● **Dataset content**
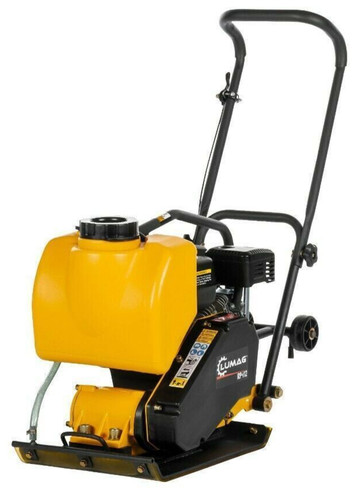 Wacker plate compactor 5yr - wacker,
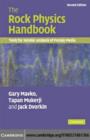 Image for The rock physics handbook: tools for seismic analysis of porous media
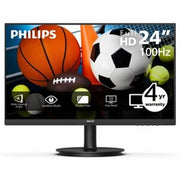 PHILIPS 241V8LBS - 24 inch Monitor, LED, FHD, HDMI, VGA, 4 Year Manufacturer Warranty - 24&amp;quot;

● **Assigned task**
Your copy should hold exactly and only the lines from the one containing "Image for The" through the end of the material, inclusive, repeated word for word and without pictures.

● **Task answer**
 Image for The rock physics handbook: tools for seismic analysis of porous media
 PHILIPS 241V8LBS - 24 inch Monitor, LED, FHD, HDMI, VGA, 4 Year Manufacturer Warranty - 24&amp;quot;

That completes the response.